What you return should be only the lines in the entries below between the one holding "4X4 AUTOMÁTICO TOYOTA" and the one holding "Weekend Max Mara", ends included, with every picture left out.

** Opening GIVEN RECORDS block **

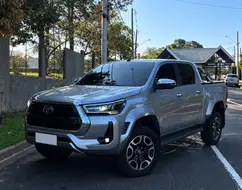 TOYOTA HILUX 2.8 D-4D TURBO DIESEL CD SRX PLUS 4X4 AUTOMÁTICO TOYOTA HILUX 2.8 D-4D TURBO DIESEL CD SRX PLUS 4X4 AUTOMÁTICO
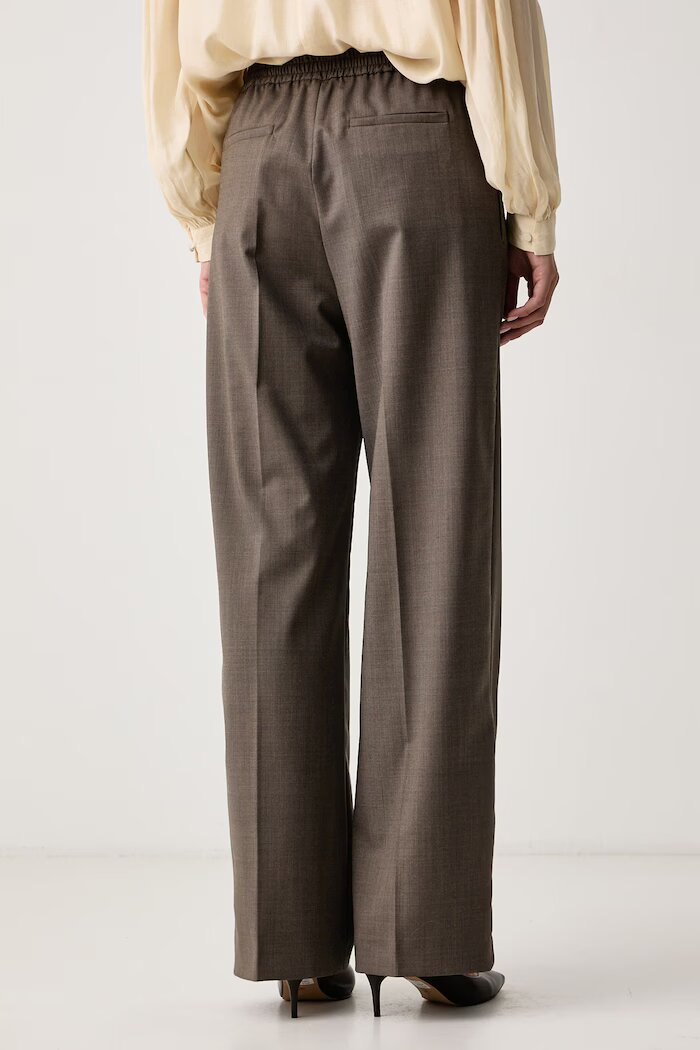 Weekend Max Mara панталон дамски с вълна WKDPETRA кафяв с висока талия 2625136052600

** Closing GIVEN RECORDS block **
** Opening GIVEN RECORDS block **

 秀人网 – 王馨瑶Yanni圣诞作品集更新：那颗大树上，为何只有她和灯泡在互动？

** Closing GIVEN RECORDS block **

▸ **EXERCISE OUTPUT**:
 TOYOTA HILUX 2.8 D-4D TURBO DIESEL CD SRX PLUS 4X4 AUTOMÁTICO TOYOTA HILUX 2.8 D-4D TURBO DIESEL CD SRX PLUS 4X4 AUTOMÁTICO
 Weekend Max Mara панталон дамски с вълна WKDPETRA кафяв с висока талия 2625136052600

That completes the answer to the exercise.